A federal appeals court on Thursday agreed to take a second look at whether the Justice Department can withdraw the criminal charges against Michael Flynn, keeping President Trump’s first national security adviser in legal jeopardy for at least a little while longer.
The U.S. Court of Appeals for the District of Columbia Circuit vacated last month’s split decision by a three-judge panel that ordered the charges dismissed. A new round of oral arguments now can proceed.
Oral arguments before the full court are scheduled for Aug. 11.
Mr. Flynn pleaded guilty twice to lying to the FBI about his conversations with Sergey Kislyak, Russia’s then-ambassador to the U.S., in late 2016 just before the Trump administration took over.
But the Justice Department, in a surprise move earlier this year, sought to abandon the Flynn case, which it had been pursuing since 2017.

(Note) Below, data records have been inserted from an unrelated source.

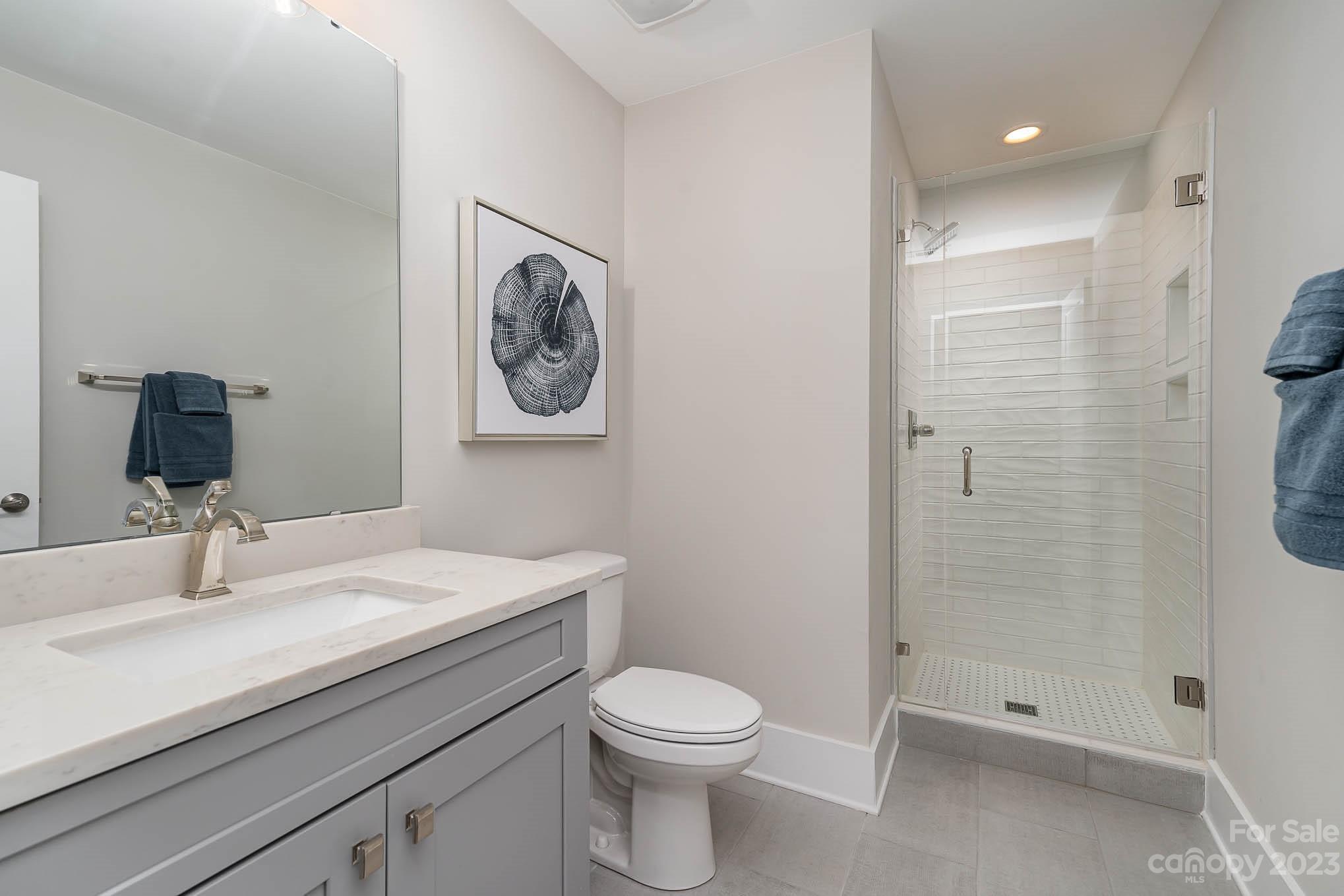 1103 Reece Road Charlotte, NC 28209 - Photo 18 of 32 a bathroom with a sink a toilet and shower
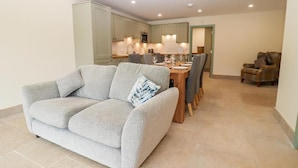 A living room with a grey sofa, a dining table with chairs, and a kitchen in the background. - 3 Bears Court Barn Conversion in Little Rissington (Cheltenham)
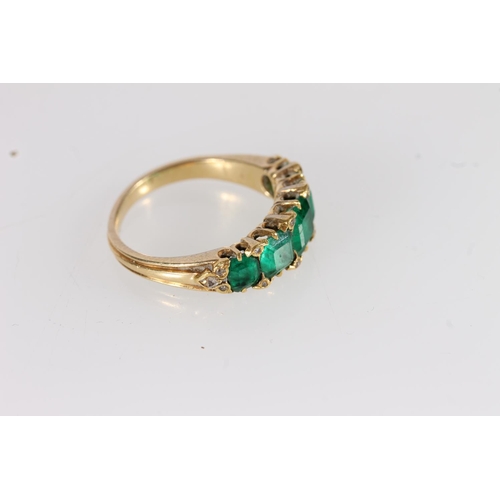 106 - Victorian yellow gold ring set with five graduating square cut emeralds, interspersed with rose cut ... 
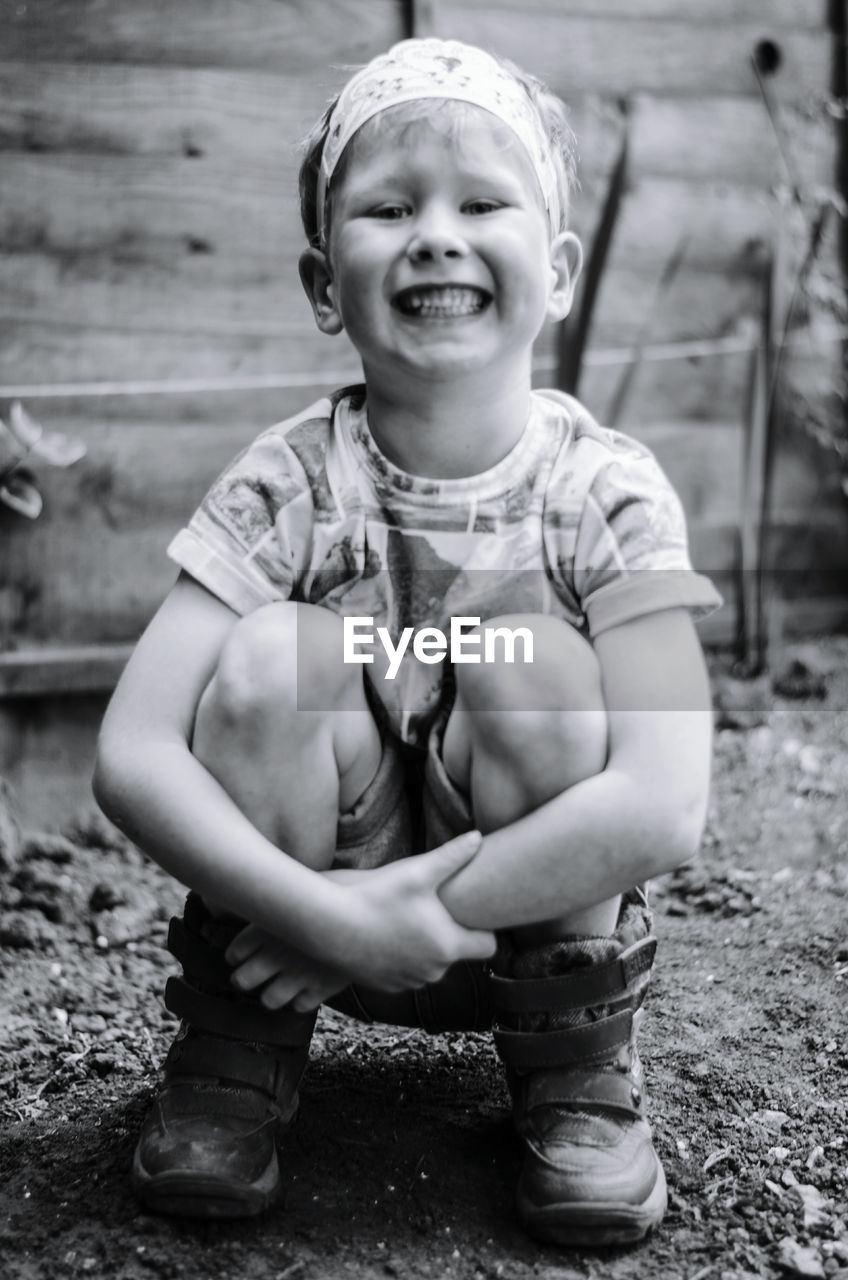 PORTRAIT OF CUTE BOY HOLDING TOY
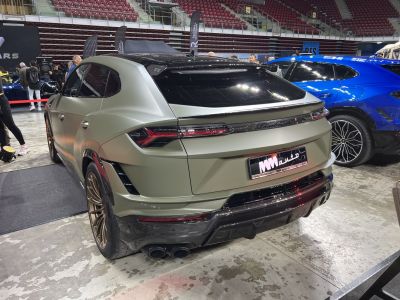 Matte finish SUV rear with quad exhausts and sporty diffuser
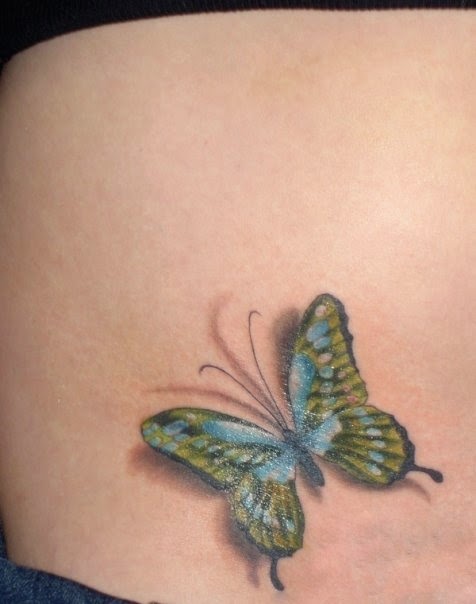 Colorful 3D butterfly tattoo on belly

The federal court and the Justice Department have been tussling ever since.
In a 2-1 decision last month, the court ruled U.S. District Judge Emmet G. Sullivan did not have the authority to block the Justice Department’s motion to abandon its prosecution of Mr. Flynn.
The judge who dissented was the lone Democratic-appointed judge on the panel. The D.C. Circuit is currently composed of seven judges appointed by three Democrats and four Republican appointees.
Justice Department lawyers said the FBI never should have interviewed Mr. Flynn as part of its probe into allegations of collusion between members of the Trump campaign and Russia operatives interfering in the 2016 election.
The FBI had no evidence Mr. Flynn could shed light on their probe, department lawyers wrote.
Judge Sullivan ordered extra scrutiny of the Justice Department’s decision and appointed an outside counsel to argue against dropping the case. Mr. Flynn’s lawyers responded with a petition to the D.C. Circuit asking it to force Judge Sullivan to accept the Justice Department’s request.
The panel agreed with Mr. Flynn, saying Judge Sullivan did not have the authority to buck the Justice Department’s request.
“In this case, the district court’s actions will result in specific harms to the exercise of the Executive Branch’s exclusive prosecutorial power,” Judge Neomi Rao, who was appointed to the D.C. Circuit by President Trump, wrote in the majority opinion.
Judge Sullivan appealed that decision earlier this month, asking the full court to review the appellate court’s ruling. In his filing, he claimed the court’s decision threatened “to turn the ordinary judicial process upside down.”